The violence continued later that day, when five armed attacks occurred between 6:00 and 7:00 p.m. in Ciudad Obregon.

The assaults started shortly after 6:00 p.m. when two young people were killed in their home on Calle Francisco Zarco in Colonia Constitución.

Minutes later, two men were killed in a hail of more than 50 bullets while in a car at the corner of Calle Otancahui and Avenida Jesus Garcia in Colonia Las Arboledas.

And at 6:30 p.m. a man was seriously injured in an armed assault while riding in a car in Obregon’s Colonia Villa Fontana. His condition was not known at the time of the report.

After the assaults, police located two vehicles with weapons and tactical equipment in the El Rodeo subdivision of Ciudad Obregon.
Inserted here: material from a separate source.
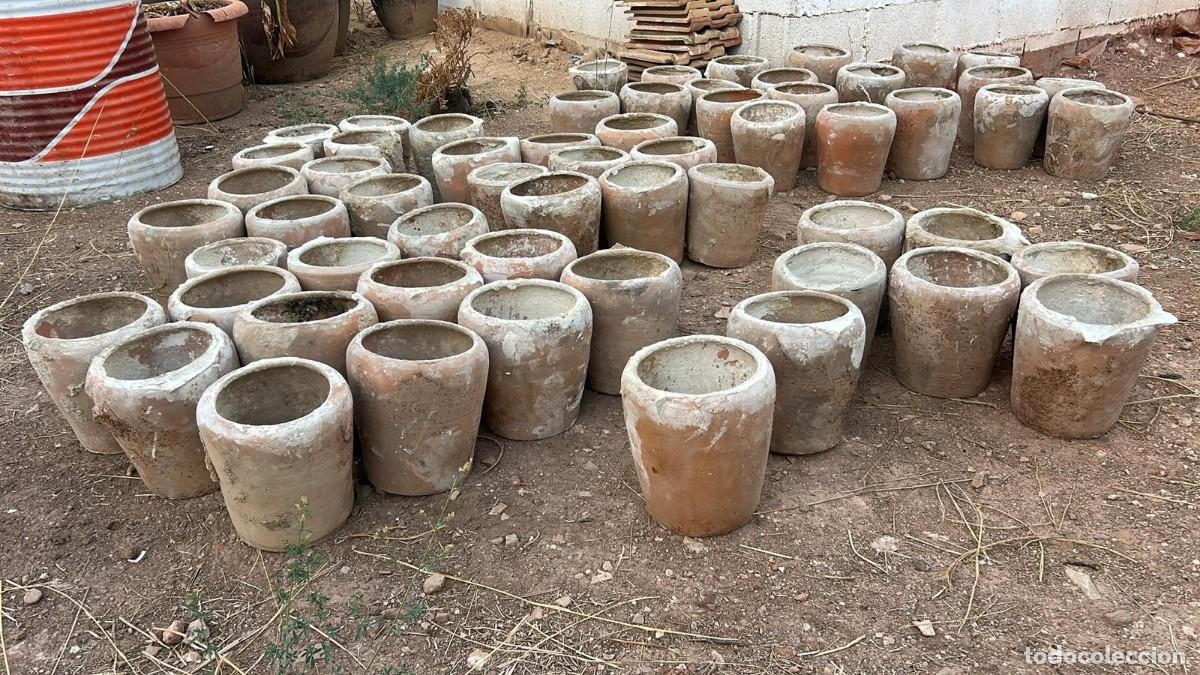 Antig&uuml;edades: NIDALES DE PALOMA ANTIGUOS EN BARRO COCIDO ZONA DE DAIMIEL CIUDAD REAL ALTURA ENTRE 23 Y 26 CMS.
And in an apparently related incident, witnesses reported that four alleged “sicarios” (assassins) in a gray late-model Nissan March abandoned their vehicle, leaving one man who had multiple gunshot wounds, and commandeered a red Yaris sedan from its owner to flee from the scene.

The Saturday gun violence followed the murders of nine people as a result of armed assaults in and near the border city of Agua Prieta.

We recommend that you use extreme caution if you choose to visit Agua Prieta, Ciudad Obregon or any other place in the municipality of Cajeme.

Border Gun Violence Continues in Agua Prieta

Following the nine homicides in the area on June 10, there were two more firearm-involved incidents on June 14 in the Arizona-Sonora border city of Agua Prieta, near the street where cross-border travelers wait to cross the border. Hermosillo-based newspaper El Imparcial reported that the gun violence involved two more murders and a shootout near a primary school. It is not clear whether the two events, which occurred one block apart, were related.

Early on June 14, two men were found dead in a home on Calle 3 between Avenidas 23 and 24 in Colonia Militar. The house is located just three blocks south of the international border and approximately 1.25 miles east of the Raul H. Castro Port of Entry border crossing.

El Imparcial reported that local police retrieved a variety of shell casings of various calibers from the scene, which also included a bullet-ridden late-model black GMC Sierra.

The deceased were identified by the Sonora State Attorney General’s Office (FGJE) as 39-year-old “Manuel N.,” aka “El Ratón” (the mouse) and “El Machi,” whose age was estimated to be between 30 and 35 years old.

Also that morning, nervous residents of Agua Prieta and Douglas were again listening to the sounds of gunfire as a gunbattle erupted outside of the Margarita Maza de Juarez Elementary School, located just two blocks south of the border on Calle 2, between Avenideas 22 and 23. The school’s young students were on summer break, but a group of administrators were meeting at the school.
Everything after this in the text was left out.